We assume that the cameras are time-synchronized and calibrated intrinsically and extrinsically. To create the calibration.npz file that the NICE Toolbox understands, we recommend using our calibration converter GUI. It can process calibration parameters from two formats:

  • Camera Matrices: This format stores intrinsic calibration parameters in a 3x3 “intrinsic matrix K” and extrinsic parameters in a 3x3 “rotation matrix R” and a 3 dimensional “translation vector t”. Distortion coefficients (k1, k2, p1, p2, k3) are saved in a 5 dimensional vector “d”.

  • OpenCV: The format that OpenCV’s camera calibration routines output. The intrinsic or camera parameters are stored in a 3x3 matrix “mtx” and the extrinsic parameters are given as a 3 dimensional Rodrigues rotation vectors “rvec” and a 3 dimensional translation vectors “tvec”. Again, distortion coefficients (k1, k2, p1, p2, k3) are saved in a 5 dimensional vector “dist”.

Start the calibration converter GUI from command line / terminal using

# navigate to the NICE toolbox source code folder
cd /path/to/nicetoolbox/

# LINUX: activate the environment 
source ./envs/nicetoolbox/bin/activate

# WINDOWS: activate the environment 
envs\nicetoolbox\Scripts\activate

# run the Calibration Gui
run_calibration_gui

The calibration converter offers multiple options to create, load, or change a calibration file for the NICE Toolbox. Here, we show how to create a new file from scratch, given the dataset’s directory path.

  1. On the top, select “Camera Matrices” or “OpenCV” as the calibration format, depending on your calibration data.

  2. To create a new file from your dataset’s directory path, enter the absolute path to the dataset under “Dataset directory path” or press “Select” to find it on your machine. Press “Load”. The GUI will now show the folder structure of your data directory with default values for all calibration parameters (click to enlarge): ../_images/tutorial2_calibration_converter_1.png ../_images/tutorial2_calibration_converter_2.png

  3. Enter your calibration data into the provided fields for each camera. Note: In the case of many cameras, sessions, or sequences, this can be tedious. Check out the next tutorial on calibration conversion to find an alternative option for directly loading calibration data into the GUI.
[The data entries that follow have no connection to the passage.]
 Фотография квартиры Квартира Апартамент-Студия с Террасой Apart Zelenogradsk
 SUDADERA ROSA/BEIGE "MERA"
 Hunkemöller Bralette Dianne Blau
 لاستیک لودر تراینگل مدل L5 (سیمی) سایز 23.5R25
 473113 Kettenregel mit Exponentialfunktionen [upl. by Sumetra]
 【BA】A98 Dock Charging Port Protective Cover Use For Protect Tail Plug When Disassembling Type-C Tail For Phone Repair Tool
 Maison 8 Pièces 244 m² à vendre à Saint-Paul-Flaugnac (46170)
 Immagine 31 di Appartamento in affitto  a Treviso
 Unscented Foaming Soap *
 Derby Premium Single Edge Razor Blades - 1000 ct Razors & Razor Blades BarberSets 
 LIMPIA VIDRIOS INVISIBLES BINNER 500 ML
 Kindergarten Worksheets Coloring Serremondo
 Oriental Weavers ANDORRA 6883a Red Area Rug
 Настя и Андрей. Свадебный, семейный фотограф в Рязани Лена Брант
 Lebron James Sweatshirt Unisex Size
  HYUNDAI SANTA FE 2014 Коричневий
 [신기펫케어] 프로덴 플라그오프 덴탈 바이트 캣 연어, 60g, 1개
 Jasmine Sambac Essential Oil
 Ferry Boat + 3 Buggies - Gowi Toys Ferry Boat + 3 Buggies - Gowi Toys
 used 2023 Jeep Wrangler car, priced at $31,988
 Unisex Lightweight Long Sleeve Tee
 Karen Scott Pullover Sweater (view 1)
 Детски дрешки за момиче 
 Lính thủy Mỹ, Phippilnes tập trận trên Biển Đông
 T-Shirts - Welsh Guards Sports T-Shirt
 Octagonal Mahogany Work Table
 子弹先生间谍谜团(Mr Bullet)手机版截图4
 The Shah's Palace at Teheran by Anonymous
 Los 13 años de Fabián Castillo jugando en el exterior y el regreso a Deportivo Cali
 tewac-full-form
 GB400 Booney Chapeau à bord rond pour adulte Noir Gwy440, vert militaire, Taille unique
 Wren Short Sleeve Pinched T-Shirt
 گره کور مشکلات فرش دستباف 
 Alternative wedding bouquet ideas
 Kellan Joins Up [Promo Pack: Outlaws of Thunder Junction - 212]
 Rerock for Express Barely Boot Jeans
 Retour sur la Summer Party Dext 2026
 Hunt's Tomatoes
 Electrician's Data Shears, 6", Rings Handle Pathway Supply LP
  4. When all data is entered, provide a path to save the calibration file (likely, your dataset’s directory path) under “Output directory path” on the bottom of the GUI window. Press “Save”. The converter saves two files: calibrations.npz which is required to run the NICE toolbox and calibrations.toml which displays the same calibration data in a human-readable (and changeable) file. Both files can be loaded to the Converter again if adjustments need to be made.

  5. When the file(s) have been saved correctly, exit the Calibration Converter by pressing “Quit” in the bottom right corner.

4. Define the experiments and run the toolbox

Please follow the instructions in define the experiment to run to create your experiments and in run the toolbox for starting the experiment. It will now use all cameras provided and specified in the dataset_properties. Check the log-file .../out_folder/nicetoolbox.log to see it working.